Волчий взгляд не ушёл,
Так же режет собой неизвестность,
А над ним старый дуб, потеряв всю свою интересность,
Взят в четвёртый обхват, так, что нынче во всём этом мире
Одиноки лишь волк, и закат на растянутой шири.

Словно счастья и нет,
Или есть, но в забытых былинах,
И с продажей разлук продаётся вино в магазинах.
Город-веер молчит, на другом берегу равнодушно
Смотрит спальный район.

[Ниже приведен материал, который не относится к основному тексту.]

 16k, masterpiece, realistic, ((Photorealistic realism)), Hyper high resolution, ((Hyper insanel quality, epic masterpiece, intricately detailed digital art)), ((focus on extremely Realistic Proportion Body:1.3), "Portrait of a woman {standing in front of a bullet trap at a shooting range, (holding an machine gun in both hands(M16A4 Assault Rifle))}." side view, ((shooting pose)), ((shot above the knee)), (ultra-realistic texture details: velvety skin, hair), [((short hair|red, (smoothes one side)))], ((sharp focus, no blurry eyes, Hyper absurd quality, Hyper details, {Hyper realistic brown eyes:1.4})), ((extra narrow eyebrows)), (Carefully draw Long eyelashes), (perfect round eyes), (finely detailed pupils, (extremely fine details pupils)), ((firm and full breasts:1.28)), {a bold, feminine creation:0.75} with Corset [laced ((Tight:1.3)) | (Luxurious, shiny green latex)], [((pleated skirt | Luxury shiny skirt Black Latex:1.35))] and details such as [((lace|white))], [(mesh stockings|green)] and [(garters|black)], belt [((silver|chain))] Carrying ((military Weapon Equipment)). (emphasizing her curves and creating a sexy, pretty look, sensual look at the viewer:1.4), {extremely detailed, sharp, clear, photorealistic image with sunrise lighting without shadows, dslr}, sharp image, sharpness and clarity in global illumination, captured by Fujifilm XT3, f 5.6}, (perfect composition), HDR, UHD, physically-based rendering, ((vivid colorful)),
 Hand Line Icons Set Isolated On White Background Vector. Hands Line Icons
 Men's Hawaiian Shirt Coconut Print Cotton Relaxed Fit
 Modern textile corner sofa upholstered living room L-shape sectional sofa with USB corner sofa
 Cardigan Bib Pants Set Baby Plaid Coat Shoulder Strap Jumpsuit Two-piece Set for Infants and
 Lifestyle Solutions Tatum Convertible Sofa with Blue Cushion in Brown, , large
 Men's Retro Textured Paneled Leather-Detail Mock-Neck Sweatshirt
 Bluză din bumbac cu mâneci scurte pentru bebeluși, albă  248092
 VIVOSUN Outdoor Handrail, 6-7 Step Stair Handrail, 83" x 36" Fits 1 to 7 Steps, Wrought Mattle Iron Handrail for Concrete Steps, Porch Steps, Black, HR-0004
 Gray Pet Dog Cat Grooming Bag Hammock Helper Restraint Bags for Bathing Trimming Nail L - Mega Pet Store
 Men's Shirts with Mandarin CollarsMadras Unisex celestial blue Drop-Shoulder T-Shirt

У причала по-летнему душно.

Во дворах злят коты
Взгляд бездомной, разодранной сучки,
Вдоль речных катеров кто-то ходит, сцепившись за ручки.
Неизвестный звонит, значит, горечь накроет реклама,
Разбивая в ушах звук слегка зазвеневшего храма.

Можно здесь помечтать,
И устами к тебе прикоснуться,
В горизонтную нить каждым робким зрачком притянуться.
Здесь и дом, и семья, и прогулочный в центр проспект Мира,
Здесь же крест для распятья, над шеей нависла секира,

Запах скорых утрат,
Привкус нового дня и изгнанья.
Слишком много надежд, им не хватит с годами вниманья.
Пусть закроют печать, распадётся теперь слово вовсе,
Это можно простить, так вскружила сознание осень.

За мою простоту,
За утраченный голос народа
Остаётся лишь страх, и для писем угрюмость комода.
Что-то слышно вокзал, как не слышался он раньше в жизни.
Что теперь говорить, забывая слова об отчизне...

Хорошо, что есть день,
Покачнувшийся солнечный остров,
Исчезающий сдвиг от теней копошащихся монстров,
Хорошо, что нет туч, не придётся спасать подоконник,
Только лишь ветерок, сентября неустанный поклонник.

Всё, что было – прошло,
Тому есть сотни тысяч предлогов,
Среди тихих бесед, и кричащих во тьму монологов,
Чтоб оваций схватить, обессмертиться, хоть бы и в пьесах,
Слогом Чацкого и всего, что в его интересах.

Чем гордиться теперь?
Тем, что в будущность зрят оба глаза?
Тем, что молод и жив, и когда-то приехал с Кавказа...
Всё идёт чередом, и никто не сказал – по порядку,
Только даты бегут, хронологию бросив в тетрадку.

Возвращаясь сюда,
На Щемиловский спуск, как в начале,
Где горела тоска, и её всё равно отвергали,
Захотелось вернуть сему мрачному месту дар речи,
Чтобы звуки сплелись в безнадёжной для всех сторон сечи.

От потерянных дней
Отказаться нельзя, но и скрыться –
Это как воровство, но в неволе нельзя измениться.
Пусть всё также горят небеса, я в стихах нарисую.
Ты пока не ушла? Дай ещё раз тебя поцелую.